4Q18 core earnings grew 11.4% yoy to RM70.8m despite lower revenues. We believe this was due to increased sales of high-margin products which also includes the LED-laser headlamp business (started production in Oct 2018). Overall, this led to EBITDA margin expanding by 14.5ppts to 46.7%.
On qoq basis, 4Q18 core earnings fell 1.4% in tandem with the 6.2% drop in revenue. This was mainly due to weaker sales from South East Asia market (c.95% of sales) which was down by 5.9%.
2018 core earnings surged 48% amidst combination of a low base in 2017 and a strong performance in 2H18. The strong 2H18 performance was aided by the higher net opex incurred in 1H18 possibly due to timing of expenses; 2H18 EBITDA doubled over 1H18. Overall, 2018 core earnings were ahead of our estimates at 112% despite revenue being broadly inline.

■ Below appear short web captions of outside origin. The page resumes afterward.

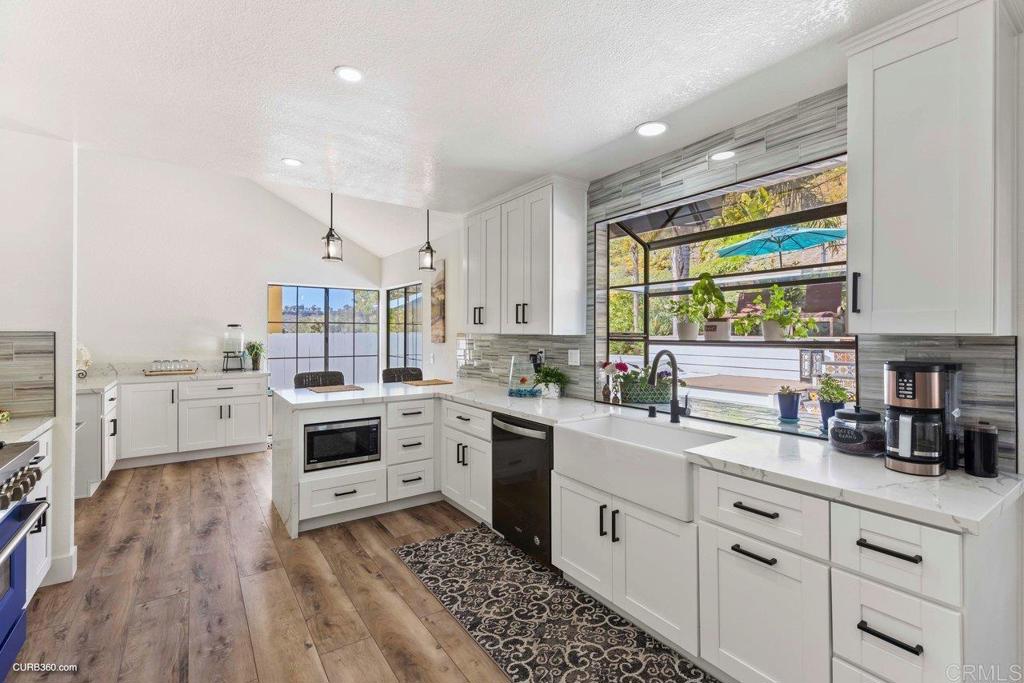 1618 Buttercup Road Encinitas, CA 92024 - Photo 6 of 33 a kitchen with white cabinets and white appliances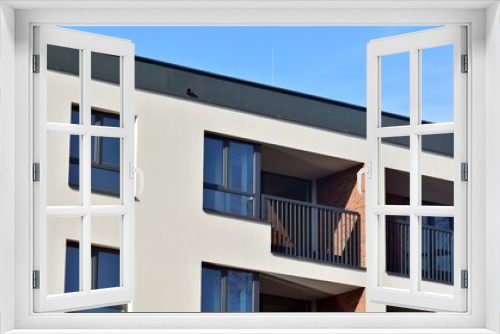 Fototapeta Naklejka Na Ścianę Okno 3D - Abstract architecture, fragment of modern urban geometry,. Modern apartment building on a sunny day with a blue sky,. European residential apartment buildings.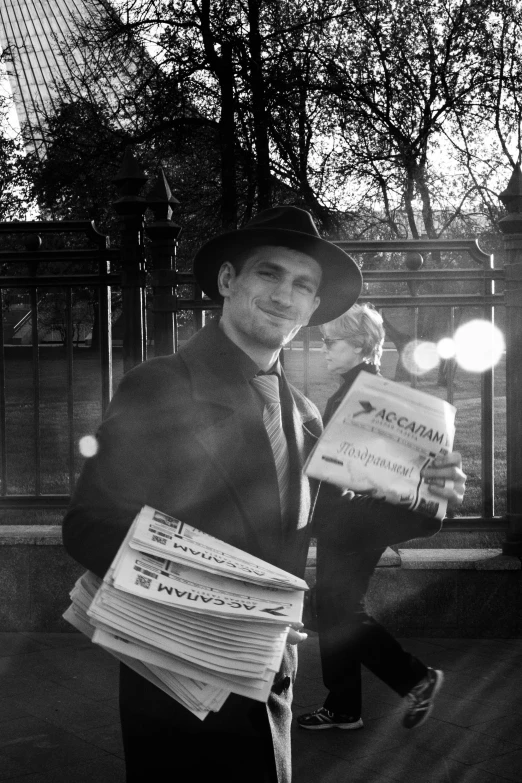 a person that is carrying many books to his head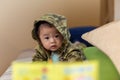 Cute Asian Baby boy with camouflage jacket Royalty Free Stock Photo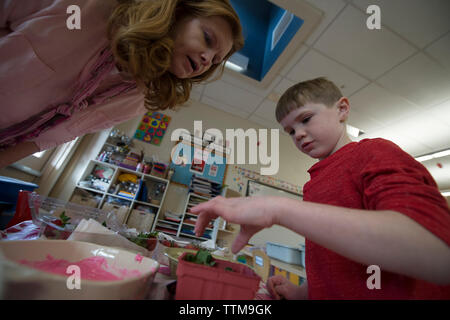 UNITED STATES - DEC. 12, 2016 : Kindergartner Andrew Roos et son professeur Julie Roberts faire des fraises au chocolat pour la Saint-Valentin au cours de c Banque D'Images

We maintain our SELL call on the stock at a RM1.55 TP (WACC: 8%, g: 3%) which implies FY19/20F PE of 22x/21x. Despite a strong showing in 2H18, we remain negative on the outlook of the sensors business given its huge exposure to non-android smartphones which have been forecasted to see weaker sales in 2019. While we see some potential upside to earnings from its high margin product (LED-laser headlamp), contribution remains fairly limited at this juncture.